### DATA FOR THIS TASK
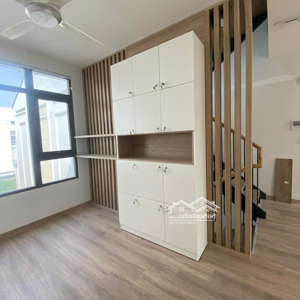 bds hvl cho thuê nhà phố verosa ntcb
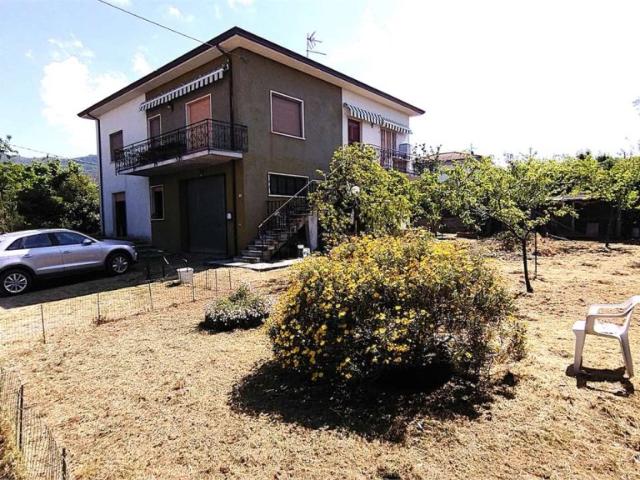 Casa indipendente in vendita a Castelnuovo Magra via Carbonara 100, Molicciara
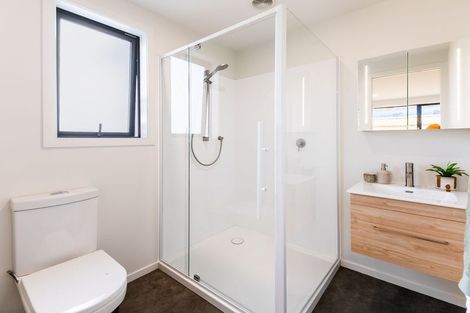 Photo of property in 26-28 Ruahine Street, Paraparaumu, 5032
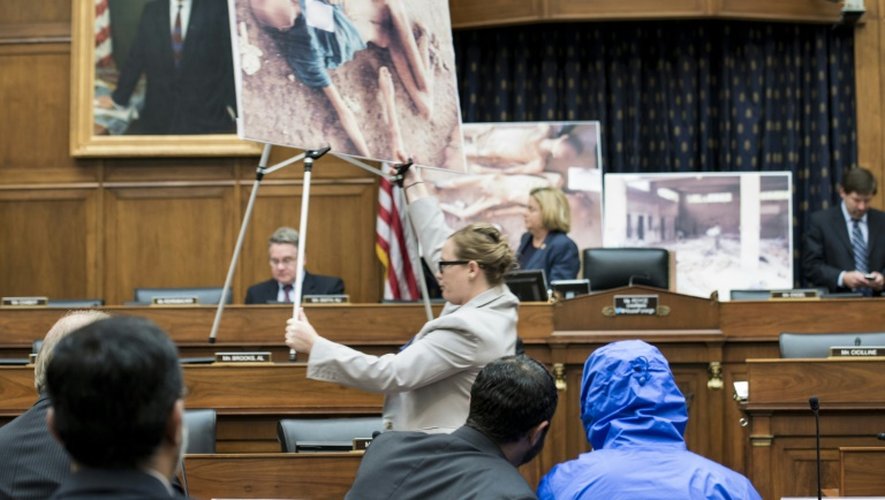 Présentation d'images de cadavres torturés par le régime syrien, devant un comité à Washington, le 31 juillet 2014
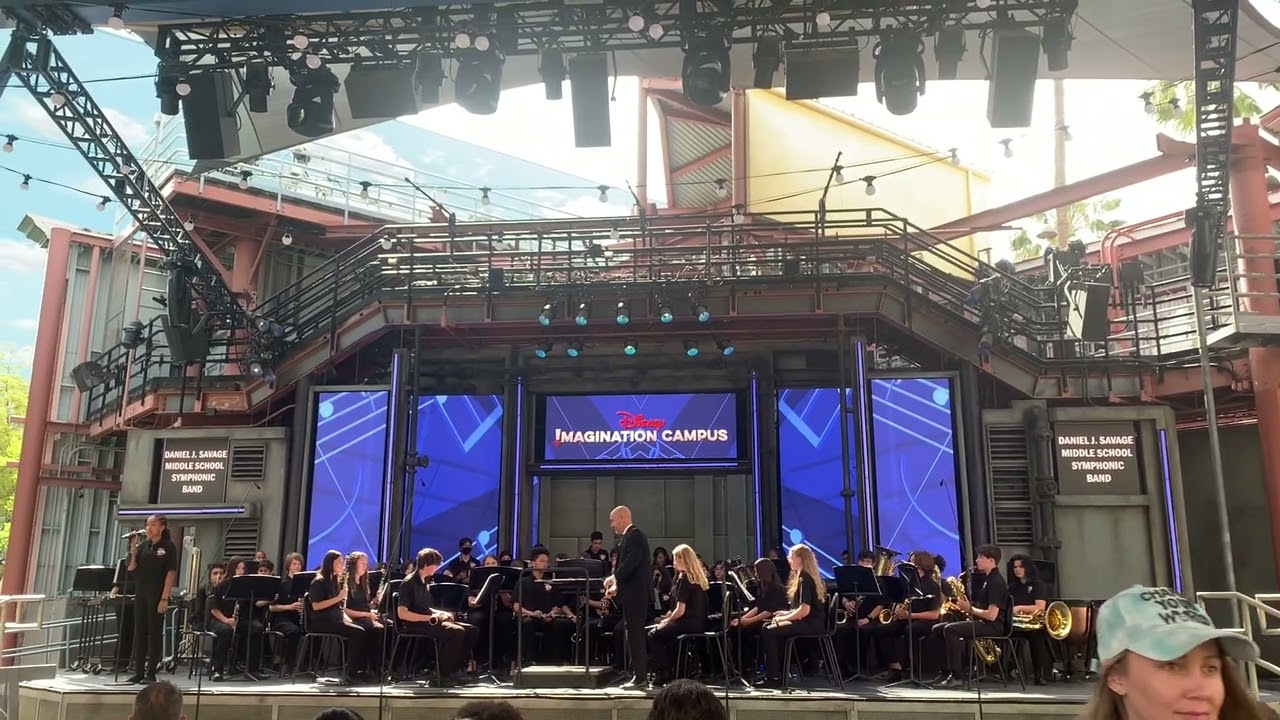 Daniel Savage Middle School Band •• Disney/Ca Adventure •• Performance •• May 8, 2023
######
**ABOUT THIS EXERCISE**
An exact copy of every entry above is needed, minus the pictures.

**RESPONSE AREA**
 bds hvl cho thuê nhà phố verosa ntcb
 Casa indipendente in vendita a Castelnuovo Magra via Carbonara 100, Molicciara
 Photo of property in 26-28 Ruahine Street, Paraparaumu, 5032
 Présentation d'images de cadavres torturés par le régime syrien, devant un comité à Washington, le 31 juillet 2014
 Daniel Savage Middle School Band •• Disney/Ca Adventure •• Performance •• May 8, 2023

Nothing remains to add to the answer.